Repeat exactly the lines below that lie between the line with "PENTAX ペンタックス Super" and the line with "Bromont, Eastern Townships - 物件實景", counting both of those lines as part of the answer.
(SUPPLIED MATERIAL begins)
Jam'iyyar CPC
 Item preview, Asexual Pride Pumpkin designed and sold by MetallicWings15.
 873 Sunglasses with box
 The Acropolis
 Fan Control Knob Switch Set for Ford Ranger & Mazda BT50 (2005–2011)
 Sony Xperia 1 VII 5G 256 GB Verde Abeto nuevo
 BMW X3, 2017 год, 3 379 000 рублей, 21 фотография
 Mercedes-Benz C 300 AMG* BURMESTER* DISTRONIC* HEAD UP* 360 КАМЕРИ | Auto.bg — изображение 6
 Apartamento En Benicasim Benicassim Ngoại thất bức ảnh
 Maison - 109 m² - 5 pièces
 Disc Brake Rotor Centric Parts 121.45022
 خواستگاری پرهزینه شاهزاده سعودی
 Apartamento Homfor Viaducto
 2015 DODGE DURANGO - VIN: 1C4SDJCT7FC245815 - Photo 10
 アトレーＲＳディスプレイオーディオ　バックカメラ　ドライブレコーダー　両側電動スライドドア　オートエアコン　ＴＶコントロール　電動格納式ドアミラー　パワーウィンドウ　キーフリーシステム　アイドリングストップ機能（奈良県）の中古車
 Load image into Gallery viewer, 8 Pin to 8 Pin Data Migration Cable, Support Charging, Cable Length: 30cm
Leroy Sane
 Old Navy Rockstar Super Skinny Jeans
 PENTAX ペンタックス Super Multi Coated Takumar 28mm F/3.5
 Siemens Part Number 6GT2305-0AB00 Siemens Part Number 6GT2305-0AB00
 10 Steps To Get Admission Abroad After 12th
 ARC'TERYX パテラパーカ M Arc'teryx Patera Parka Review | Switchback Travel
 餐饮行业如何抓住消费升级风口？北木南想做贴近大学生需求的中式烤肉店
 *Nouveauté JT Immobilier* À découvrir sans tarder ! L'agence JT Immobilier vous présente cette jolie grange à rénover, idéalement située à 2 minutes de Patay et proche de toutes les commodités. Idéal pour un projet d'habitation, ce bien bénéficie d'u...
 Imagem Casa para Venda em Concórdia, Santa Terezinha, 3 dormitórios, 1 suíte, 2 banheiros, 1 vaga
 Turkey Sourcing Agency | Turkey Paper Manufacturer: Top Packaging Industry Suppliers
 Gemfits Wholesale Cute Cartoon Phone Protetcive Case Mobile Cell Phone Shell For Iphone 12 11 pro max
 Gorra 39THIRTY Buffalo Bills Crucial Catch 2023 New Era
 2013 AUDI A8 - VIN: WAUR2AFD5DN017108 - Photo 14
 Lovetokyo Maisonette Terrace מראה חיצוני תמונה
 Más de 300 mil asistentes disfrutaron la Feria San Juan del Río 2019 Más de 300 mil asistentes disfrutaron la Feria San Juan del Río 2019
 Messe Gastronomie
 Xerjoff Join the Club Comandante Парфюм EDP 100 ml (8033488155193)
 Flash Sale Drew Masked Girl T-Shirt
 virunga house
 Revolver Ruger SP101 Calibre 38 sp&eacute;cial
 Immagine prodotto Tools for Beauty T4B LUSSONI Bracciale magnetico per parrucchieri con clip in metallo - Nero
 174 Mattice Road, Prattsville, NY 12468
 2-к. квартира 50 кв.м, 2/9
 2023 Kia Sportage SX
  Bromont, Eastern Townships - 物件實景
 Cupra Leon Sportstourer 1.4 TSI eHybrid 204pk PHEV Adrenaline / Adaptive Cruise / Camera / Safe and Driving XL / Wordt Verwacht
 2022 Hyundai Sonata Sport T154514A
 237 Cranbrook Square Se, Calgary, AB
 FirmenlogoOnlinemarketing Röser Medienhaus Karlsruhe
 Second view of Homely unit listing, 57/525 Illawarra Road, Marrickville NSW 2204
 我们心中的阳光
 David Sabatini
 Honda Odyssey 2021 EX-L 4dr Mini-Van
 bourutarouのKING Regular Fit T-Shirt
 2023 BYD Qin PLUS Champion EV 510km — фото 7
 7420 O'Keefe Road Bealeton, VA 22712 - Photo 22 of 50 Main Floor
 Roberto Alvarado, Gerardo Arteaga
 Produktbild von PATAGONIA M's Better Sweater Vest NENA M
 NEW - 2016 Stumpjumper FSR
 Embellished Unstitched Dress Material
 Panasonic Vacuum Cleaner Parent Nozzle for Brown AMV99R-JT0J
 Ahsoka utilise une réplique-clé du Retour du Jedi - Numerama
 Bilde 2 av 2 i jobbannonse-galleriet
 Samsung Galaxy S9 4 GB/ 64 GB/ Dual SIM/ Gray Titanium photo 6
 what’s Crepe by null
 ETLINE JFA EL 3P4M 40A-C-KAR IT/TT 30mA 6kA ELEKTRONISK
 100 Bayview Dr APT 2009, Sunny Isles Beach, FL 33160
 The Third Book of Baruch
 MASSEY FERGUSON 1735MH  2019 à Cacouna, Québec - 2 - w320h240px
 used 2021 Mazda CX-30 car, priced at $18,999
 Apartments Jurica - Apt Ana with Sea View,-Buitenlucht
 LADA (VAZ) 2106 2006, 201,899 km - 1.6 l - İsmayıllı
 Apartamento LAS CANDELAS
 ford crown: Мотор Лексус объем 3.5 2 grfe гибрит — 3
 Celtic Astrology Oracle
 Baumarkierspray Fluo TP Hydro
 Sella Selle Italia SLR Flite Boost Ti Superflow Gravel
(SUPPLIED MATERIAL ends)
• ANSWER AREA
 PENTAX ペンタックス Super Multi Coated Takumar 28mm F/3.5
 Siemens Part Number 6GT2305-0AB00 Siemens Part Number 6GT2305-0AB00
 10 Steps To Get Admission Abroad After 12th
 ARC'TERYX パテラパーカ M Arc'teryx Patera Parka Review | Switchback Travel
 餐饮行业如何抓住消费升级风口？北木南想做贴近大学生需求的中式烤肉店
 *Nouveauté JT Immobilier* À découvrir sans tarder ! L'agence JT Immobilier vous présente cette jolie grange à rénover, idéalement située à 2 minutes de Patay et proche de toutes les commodités. Idéal pour un projet d'habitation, ce bien bénéficie d'u...
 Imagem Casa para Venda em Concórdia, Santa Terezinha, 3 dormitórios, 1 suíte, 2 banheiros, 1 vaga
 Turkey Sourcing Agency | Turkey Paper Manufacturer: Top Packaging Industry Suppliers
 Gemfits Wholesale Cute Cartoon Phone Protetcive Case Mobile Cell Phone Shell For Iphone 12 11 pro max
 Gorra 39THIRTY Buffalo Bills Crucial Catch 2023 New Era
 2013 AUDI A8 - VIN: WAUR2AFD5DN017108 - Photo 14
 Lovetokyo Maisonette Terrace מראה חיצוני תמונה
 Más de 300 mil asistentes disfrutaron la Feria San Juan del Río 2019 Más de 300 mil asistentes disfrutaron la Feria San Juan del Río 2019
 Messe Gastronomie
 Xerjoff Join the Club Comandante Парфюм EDP 100 ml (8033488155193)
 Flash Sale Drew Masked Girl T-Shirt
 virunga house
 Revolver Ruger SP101 Calibre 38 sp&eacute;cial
 Immagine prodotto Tools for Beauty T4B LUSSONI Bracciale magnetico per parrucchieri con clip in metallo - Nero
 174 Mattice Road, Prattsville, NY 12468
 2-к. квартира 50 кв.м, 2/9
 2023 Kia Sportage SX
  Bromont, Eastern Townships - 物件實景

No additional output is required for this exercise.